What does trial ready even mean?
To start with, it means that you have already addressed all essential motion practice related to the matter in hand. If the case warrants a shot at summary judgment on liability beforehand without going to a jury, then you should have already fully exhausted all avenues of motion practice before walking into the mediation (i.e. Labor Law 240). If you go to mediation too early, before you’ve taken that step, you’ve just handed a sword to the defense to argue that they can defeat a motion for summary judgment. It can,also give them a psychological edge in thinking that you are not standing fully behind your case and you’re willing to take a discount.
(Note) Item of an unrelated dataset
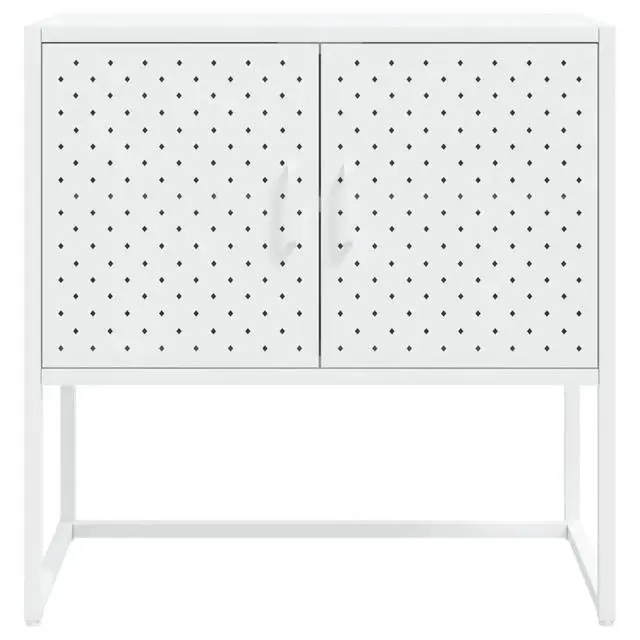 Alt view image 18 of 18 - vidaXL Sideboard White 29.5" Steel Home Storage Cabinet Side Table Furniture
Trial ready also means you’re walking into mediation ready to present your case, having fully prepared your arguments and evidence as you would before heading into court for the first day of trial. Some lawyers come equipped with a full trial binder and courtroom blow ups, subdivided into sections and categories. Some more tech-savvy lawyers like to show up with their laptops and iPads loaded up with Powerpoint presentations and all the x-rays, expert disclosures, and other key demonstrative evidence. Whether you’re new school or old school, the point is that you come into the room with everything all teed up, so you can walk the mediator through all the essential elements of the case. A lawyer who walks into a mediation session with nothing more than a few bullet points jotted down a yellow piece of paper and a disorganized redwell is doing a disservice to his client, by squandering a real settlement opportunity for want of proper preparation.
We should clarify, though, that a trial binder, blow-ups and visual aides are impressive but also not always necessary. In fact, we’ve worked with some excellent trial attorneys who show that they are trial ready in mediation sessions without a single piece of paper. They prefer to sit down in front of the mediator, defense attorney and adjusters and present all the facts and evidence purely from memory. This can be equally effective because it shows the lawyer’s ultimate ease and confidence with the facts and legal issues. It’s not a matter of bluffing so much as a different way of demonstrating the level of your preparedness.
A final point about preparedness: we think it makes sense to have all of your experts lined up with your 3101(d) expert exchanges in the hands of the defense. Some lawyers we know don’t want to spend the money until they have feel they must. But we think that’s penny-wise and pound-foolish. Nothing can be as effective as putting your money behind your case before mediation in order to demonstrate your commitment and confidence in a case.
In our experience, attending hundreds of mediations over the years, we see coming in prepared as the single most important determinant of success. Preparation, Preparation, Preparation. The more prepared a lawyer is, the better the outcome in mediation is going to be.